Dataset records
○ ○ ○ ○ ○ ○ ○
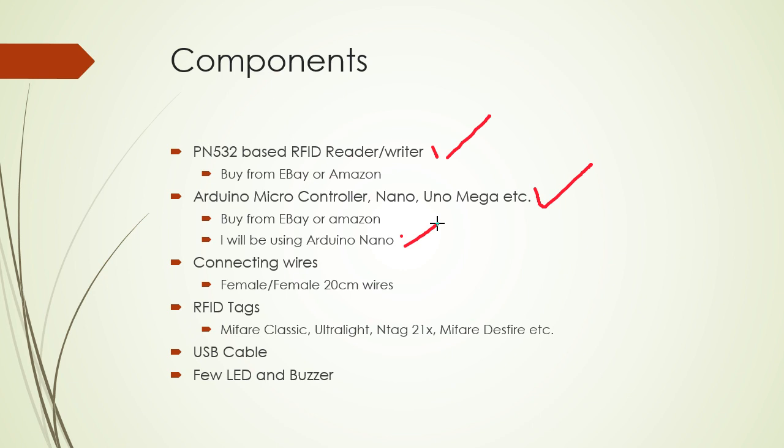You need connecting wires. Because of the type of components I'll be using, you will end up using only female to female connecting wires. You can buy 20 centimeter ones, which are easy to wire. You need RFID tags — you can use Mifare Classic, Ultralight, NTAG, Mifare DESFire, etc. You also need a USB cable and a few LEDs and a buzzer. The LEDs and buzzer are optional. Sometimes you might find a starter kit on eBay that includes all these things, or you might end up buying them separately.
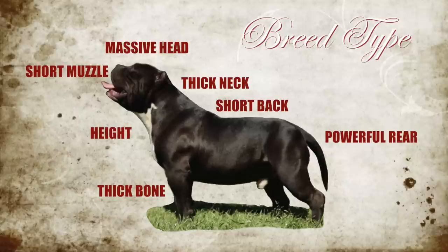So there you guys have it — breed type. Understand, breed type and dog structure are two different things. Dog structure is something that every breed of dog should have; all breeds have very similar structural requirements. Breed type are those characteristics that define breeds, that make one breed different than another breed.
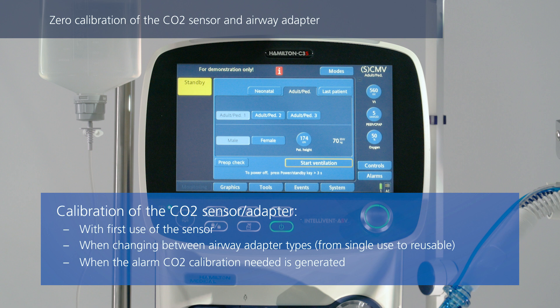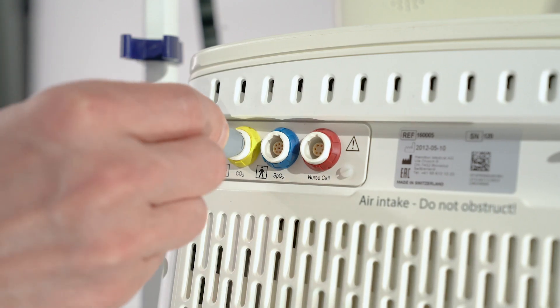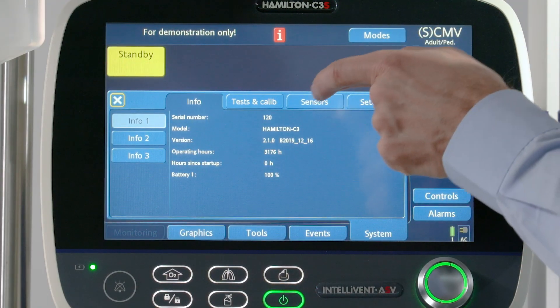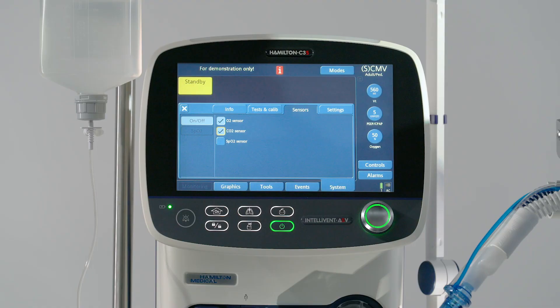When the Disconnect Patient message appears, disconnect the test lung. When the message Tighten Patient System is displayed, block the opening. After completing the tightness test, the message Reconnect Breathing System is displayed. Reconnect the breathing system.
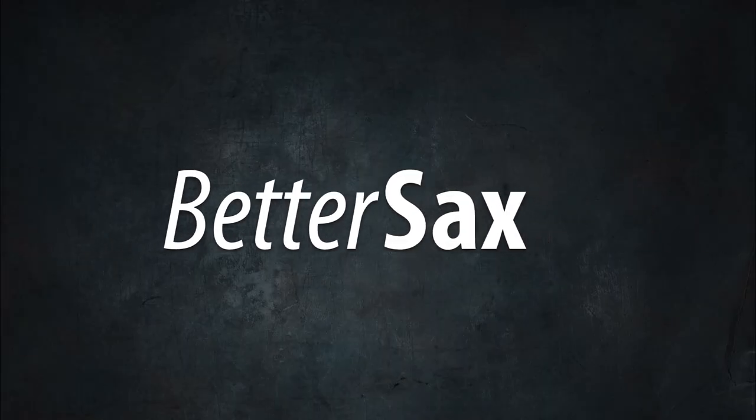Hey, Better Sax players. Like just about everything else, the world of saxophones has its share of myths, legends, and widely held yet false beliefs. In today's video, I'm going to try and clear some of these up, at least some of the ones concerning instruments and gear. As you watch this, if you agree or disagree with anything I'm saying, let me know in the comments section below.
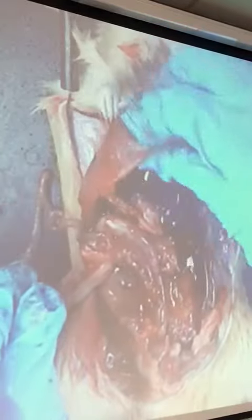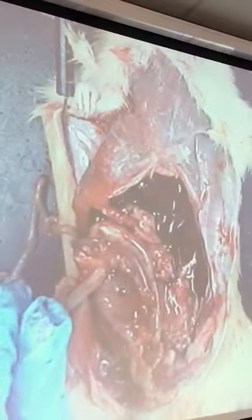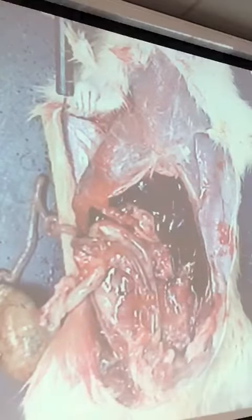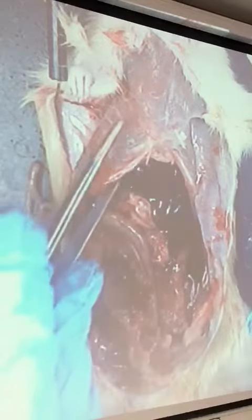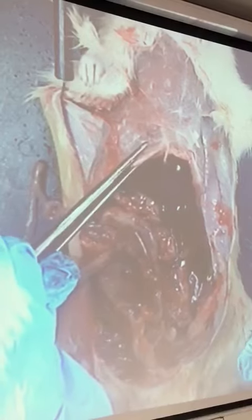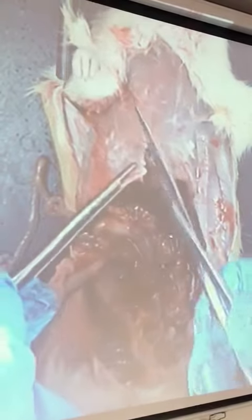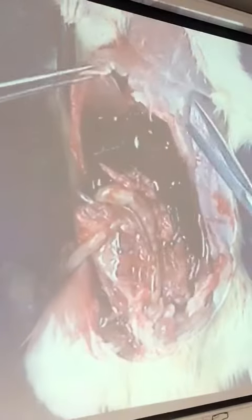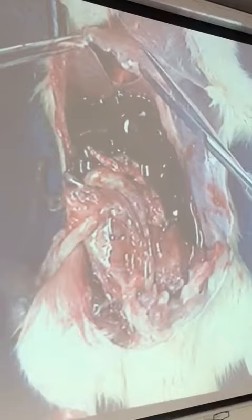We're going to cut up the ribs and the sternum to expose the thoracic part. We've got to use the same skills that we have before — we just use the force. Lift the ribs. These are a little bit harder because the ribs are bone, so you lift harder. But when you lift it, you can see the diaphragm. Can you see the diaphragm there? I'm going to cut the diaphragm.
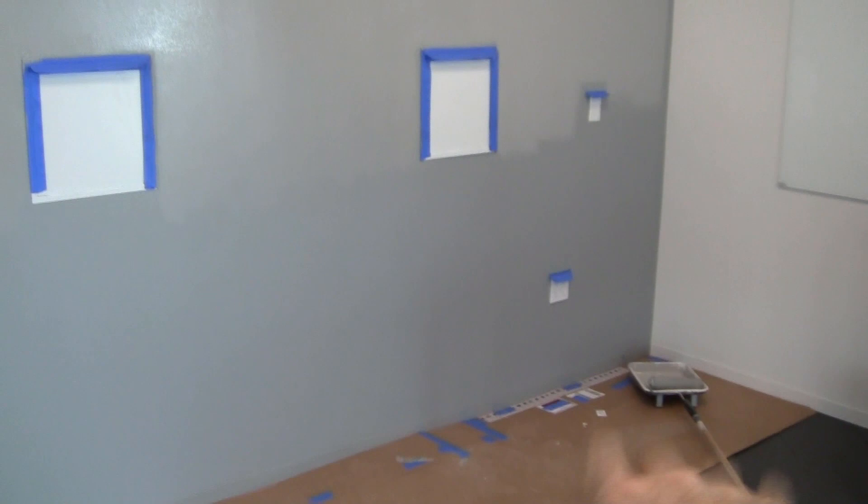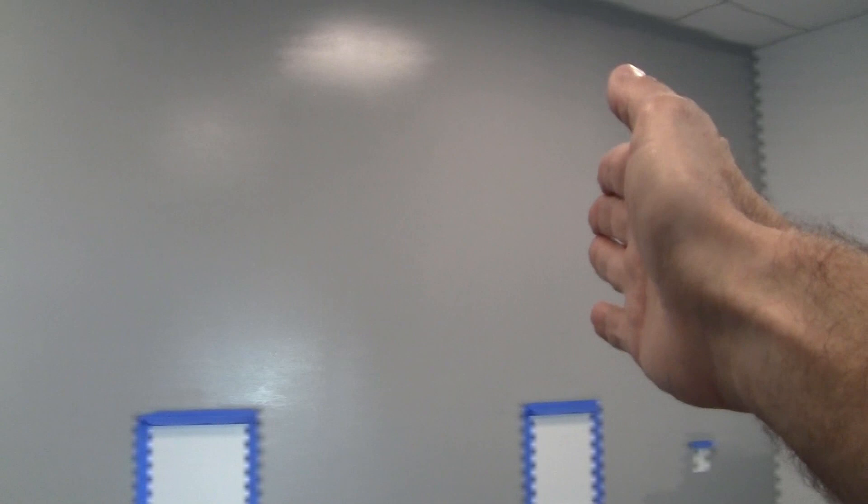I originally didn't intend to do this section but had so much paint left I thought I might as well go back and get it. Normally when you start on one side you want to always cut into the wet edge as you go and not go back while the paint is still wet. Right now I'm doing quality control looking for lap lines. Everything seems okay, though it can be hard to tell until it dries. I can see possibly one lap line where I cut in to start over - hopefully that won't come back to bite me.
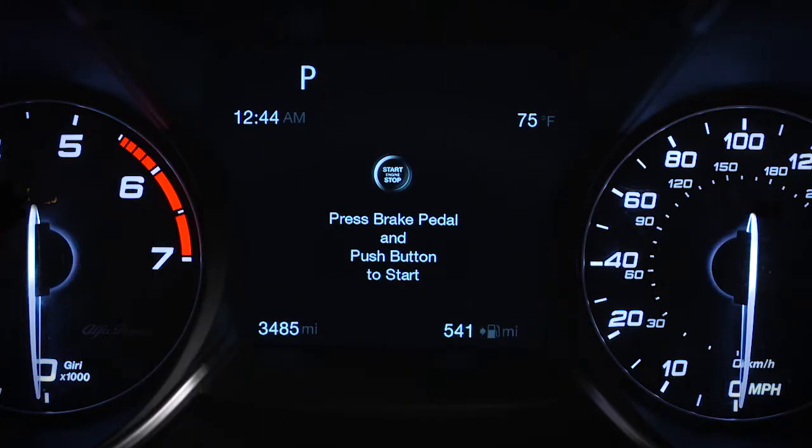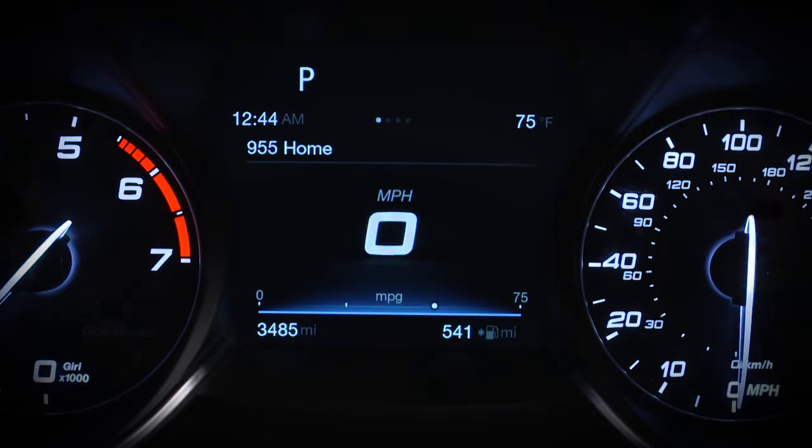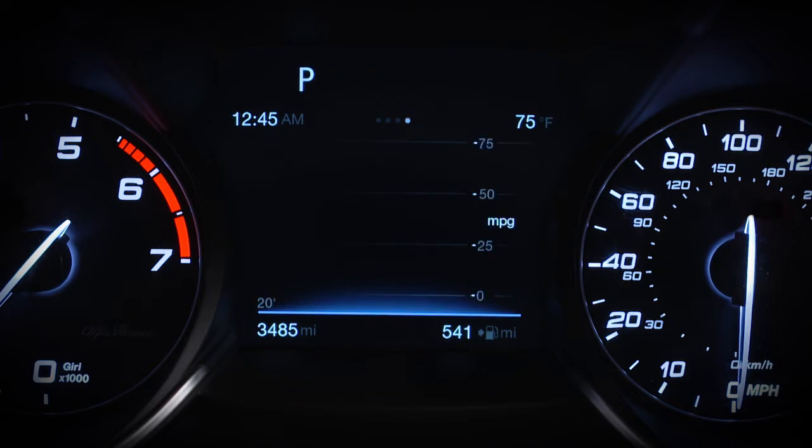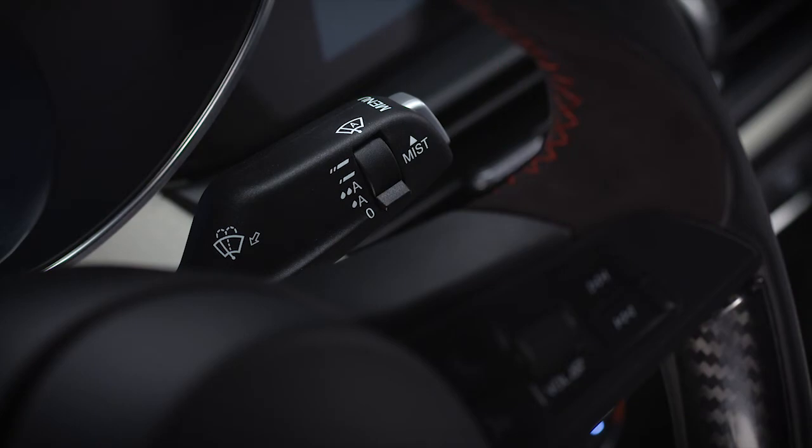Your instrument cluster display issues important information and warnings about system operation and function. It's mounted on the instrument panel. You can access the information you want and make selections and adjustments. Push the menu button to access the main menu.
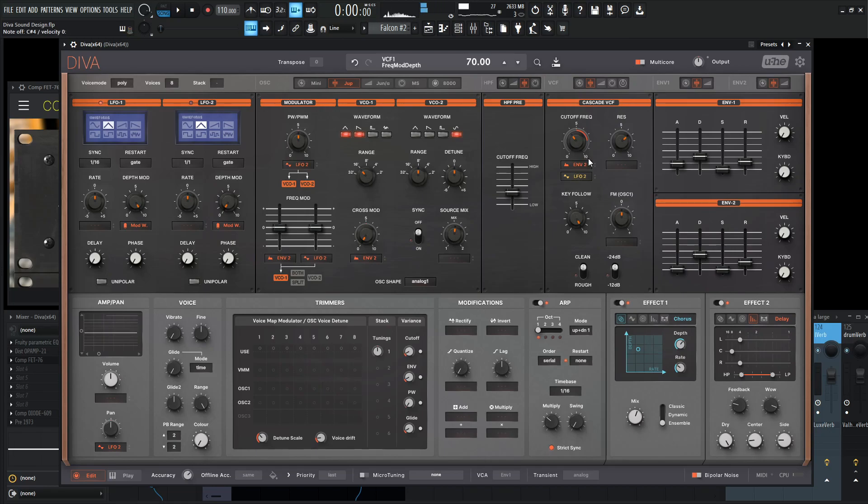Envelope again — it kind of goes back to that synth-y kind of sound. I mean, they're both synth-y, but you know what I'm saying. Here's a really cool thing too, because now we can change our oscillator shape and kind of see how the different shapes affect our ARP here. They're all pretty cool — it really depends on the vibe that you kind of want to go for.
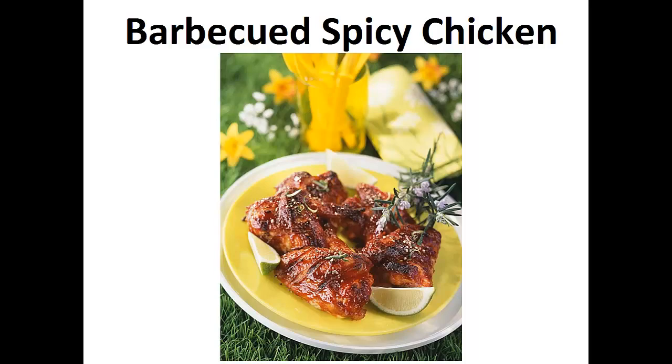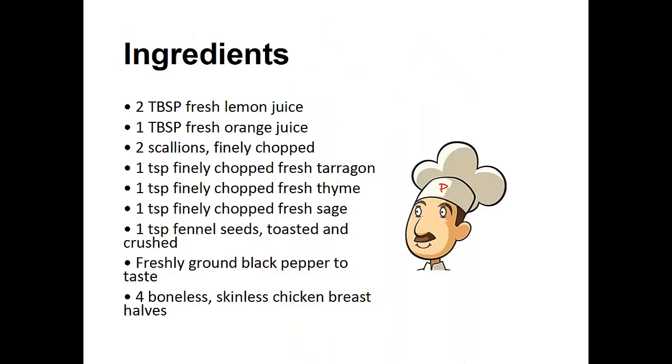Now on to the recipe. Barbecued Spicy Chicken. Ingredients: 2 tablespoons of fresh lemon juice, 1 tablespoon of fresh orange juice, 2 finely chopped scallions, 1 teaspoon of finely chopped fresh tarragon, 1 teaspoon finely chopped fresh thyme, 1 teaspoon of finely chopped fresh sage, 1 teaspoon fennel seeds toasted and crushed, freshly ground black pepper to taste, 4 boneless skinless chicken breast halves.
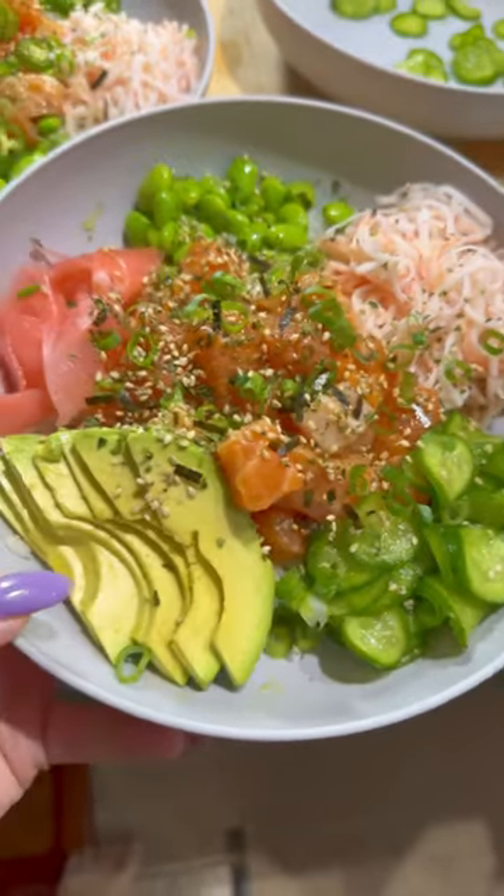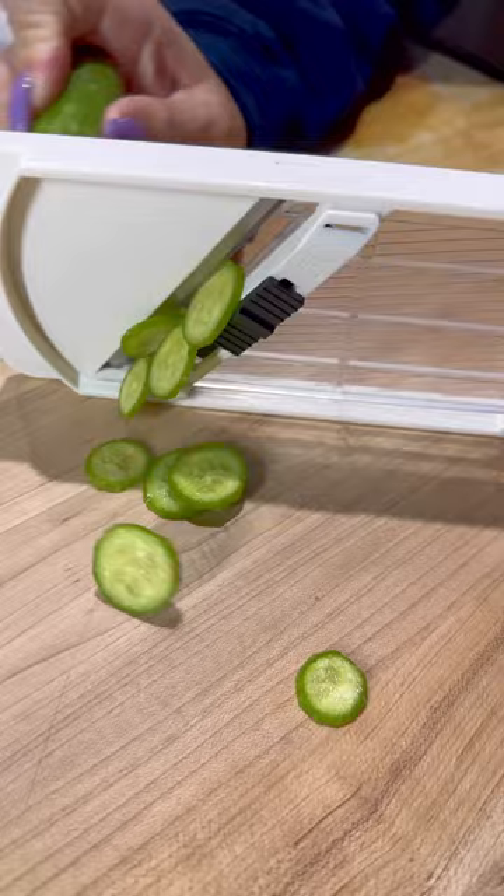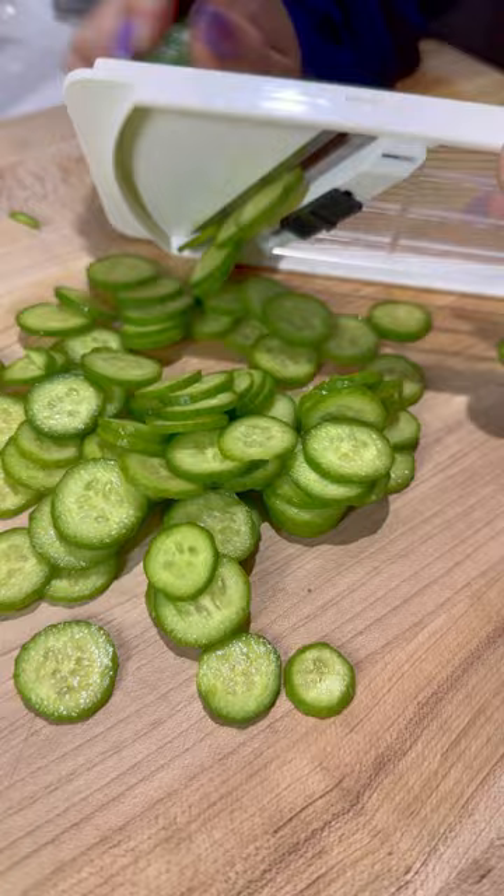Let's make easy Japanese cucumber salad with just a few ingredients. First, slice up your cucumber really thinly, and if you have a mandolin slicer, this makes it super easy to get those nice thin cuts. Just be careful because I have definitely had one or two cuts from it and it is not fun.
○ ○ ○ ○ ○ ○ ○
**Directions**
What is needed is an exact copy of the lines from the beginning of the data through the line containing "So there you", both included, without any pictures.

**Task result**
You need connecting wires. Because of the type of components I'll be using, you will end up using only female to female connecting wires. You can buy 20 centimeter ones, which are easy to wire. You need RFID tags — you can use Mifare Classic, Ultralight, NTAG, Mifare DESFire, etc. You also need a USB cable and a few LEDs and a buzzer. The LEDs and buzzer are optional. Sometimes you might find a starter kit on eBay that includes all these things, or you might end up buying them separately.
So there you guys have it — breed type. Understand, breed type and dog structure are two different things. Dog structure is something that every breed of dog should have; all breeds have very similar structural requirements. Breed type are those characteristics that define breeds, that make one breed different than another breed.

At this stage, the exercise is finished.